What I do want to do is read between the lines—what does this article imply, and how is this relevant to the current review of NCEA and the “co-design lab” to be held by the ministerial advisory group in Wellington this week?
At the heart of the issue is the age-old debate between formative and summative assessment or, as Terry Crooks (2011), one of our most credible assessment experts explains, assessment OF learning (summative) and assessment FOR learning (formative). He describes assessment of learning as involving, “judging, describing and reporting student educational outcomes (such as their knowledge, skills and attitudes) at a particular point in time.” He provides this definition of assessment for learning developed by a panel of 31 international assessment scholars meeting in Dunedin, New Zealand in 2009:
Assessment for learning is part of everyday practice by students, teachers and peers that seeks, reflects upon and responds to information from dialogue, demonstration and observation in ways that enhance ongoing learning.
The NZQA website itself states:
It has been traditional to draw final conclusions about achievement from what has been called ‘summative’ assessment. However, this approach may overlook some existing evidence of achievement or not show learners how to close the gap in their learning, because it provides no explanation of where they went wrong or how to improve.
So, what’s the problem with internal assessment with its built-in requirements for rigorous national moderation and verification? None, as far as I am concerned. I can’t think of a time in my adult life, in all of the roles I have engaged in: learner, educator, writer, teacher, school leader, researcher, parent, grandparent, business owner, academic, education consultant, where I have had to sit a written exam—other than a driving test possibly, a very long time ago, and one academic paper at Master’s level. The argument that exams prepare you for university simply doesn’t wash with me either – I have a PhD – no exams! I do remember discussing, listening, reading, researching, investigating, comparing, interviewing, collaborating, writing, reflecting, hypothesising, trialling, experimenting, revising, arguing, debating, and reaching conclusions based on all that ongoing work. None of that felt “easy.”
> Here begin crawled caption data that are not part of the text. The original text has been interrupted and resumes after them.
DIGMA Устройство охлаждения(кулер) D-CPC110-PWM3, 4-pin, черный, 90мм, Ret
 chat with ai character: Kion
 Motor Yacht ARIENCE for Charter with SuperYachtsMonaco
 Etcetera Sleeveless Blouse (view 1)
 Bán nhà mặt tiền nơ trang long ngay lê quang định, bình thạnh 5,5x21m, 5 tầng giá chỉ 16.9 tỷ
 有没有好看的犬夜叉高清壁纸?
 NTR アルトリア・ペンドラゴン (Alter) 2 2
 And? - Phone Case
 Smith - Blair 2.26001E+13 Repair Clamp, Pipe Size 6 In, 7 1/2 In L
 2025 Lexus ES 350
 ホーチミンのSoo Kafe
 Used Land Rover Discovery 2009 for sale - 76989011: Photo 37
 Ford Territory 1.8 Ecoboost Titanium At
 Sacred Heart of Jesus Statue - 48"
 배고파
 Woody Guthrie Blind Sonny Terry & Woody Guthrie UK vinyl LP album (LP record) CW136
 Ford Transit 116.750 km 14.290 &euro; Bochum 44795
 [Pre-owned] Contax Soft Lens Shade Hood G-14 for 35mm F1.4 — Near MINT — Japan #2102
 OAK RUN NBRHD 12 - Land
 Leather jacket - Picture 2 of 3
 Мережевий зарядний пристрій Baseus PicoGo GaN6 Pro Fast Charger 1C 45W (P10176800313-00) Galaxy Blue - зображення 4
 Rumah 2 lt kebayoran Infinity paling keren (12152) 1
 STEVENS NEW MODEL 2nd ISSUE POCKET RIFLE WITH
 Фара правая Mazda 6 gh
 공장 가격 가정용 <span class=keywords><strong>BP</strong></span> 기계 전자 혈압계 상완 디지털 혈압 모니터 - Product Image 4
Why do we create a system where external assessment is actually unnecessary, then lament its loss and go looking for alternatives? Is this parental expectation, and some sort of high-stakes status contest, masquerading as “accountability”? What is wrong with us that makes us think that if young people are successful at something, particularly if they are brown, we should get worried about the task’s rigour and its credibility? Don’t we actually want more of our children to achieve, or are we OK with this only being some of our children?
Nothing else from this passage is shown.